Socioeconomic Status and Prevalence of Obesity
This research article covered a study that was done from 2004 to 2007 in Cameron County, Texas. This county is near the border of Mexico and has a large Mexican American population. The population of people surveyed was 810 Mexican American people aged 35 to 64 years old. The study documented statistics that the Mexican American population was at a higher risk for obesity, and wanted to test if any minor economic advantages had any affect on health factors such as obesity and diabetes.
Various factors can affect obesity and the health of a population. These can range from economic class to the country a studied population is from, and the culture surrounding that area. Rates of obesity in bordering areas to Mexico are found to be some of the highest in the whole United States (Fisher-Hoch et al., 2010). The study was documented in a way that randomly selected the participants, and then divided them into four socioeconomic strata (SES).
This study (Fisher-Hoch et al., 2010) found that those participants belonging to the lower socioeconomic classes had significantly amplified chances of having undiagnosed diabetes, while people in the higher classes were significantly less likely to have undiagnosed diabetes. They also found that an improvement in income had a positive beneficial impact on health in this community. Furthermore, rates of obesity with a BMI of ≥30 kg/m^2 was 57% in the lower four socioeconomic divisions (Fisher-Hoch et al., 2010).
Even the poor in the United States are among some of the most obese people in the world, and this amount of obesity is caused by multiple factors. These include the fact that cheap food is particularly calorie dense, but often nutritionally deficient.

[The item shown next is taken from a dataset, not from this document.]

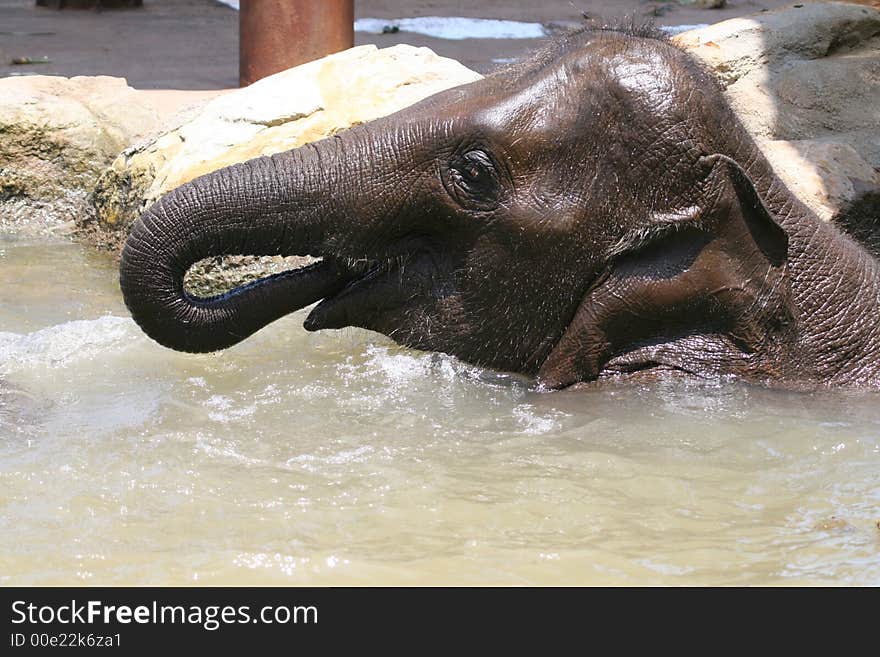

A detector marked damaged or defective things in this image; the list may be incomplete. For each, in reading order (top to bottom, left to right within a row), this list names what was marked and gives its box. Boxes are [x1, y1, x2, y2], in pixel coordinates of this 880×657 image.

rusty pipe [241, 0, 354, 86]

In addition, cheap food is also very convenient to obtain in the United States and affordable, but depending on the food it can be more time consuming to make. For example, rice and beans are cheap, nonetheless take time to prepare, while buying an also equally cheap meal at McDonald’s is very unhealthy, but requires no preparation on your part.

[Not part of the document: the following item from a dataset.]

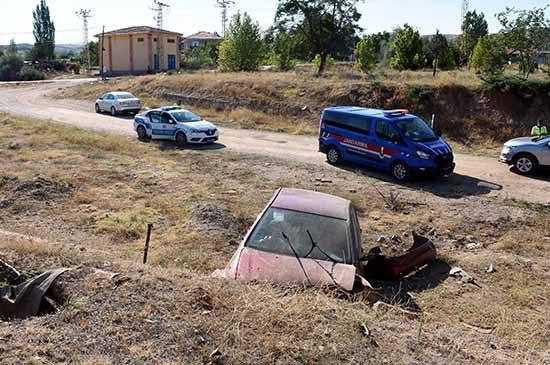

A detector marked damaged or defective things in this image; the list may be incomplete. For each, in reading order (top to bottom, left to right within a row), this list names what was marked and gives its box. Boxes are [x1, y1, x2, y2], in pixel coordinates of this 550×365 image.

broken windshield [247, 208, 352, 264]
abandoned red car [213, 188, 438, 290]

Another issue of obesity is malnutrition. Even if a person doesn’t appear obese or unhealthy to the naked eye, it does not guarantee they are in optimal health. They could appear “skinny” but be deficient in essential vitamins and minerals. All these factors lead to obesity in American Populations, but Mexican American populations are particularly hit hard by these factors because of their proximity to low income areas in Mexico, the socioeconomic statuses of many of the population, and some may be immigrants from Mexico and not settled into life in the United States yet.
Fisher-Hoch, S. P., Rentfro, A. R., Wilson, J. G., Salinas, J. J., Reininger, B. M., Restrepo, B. I., ... & Hanis, C. M. (2010). Peer Reviewed: Socioeconomic Status and Prevalence of Obesity and Diabetes in a Mexican American Community, Cameron County, Texas, 2004-2007. Preventing chronic disease,7(3).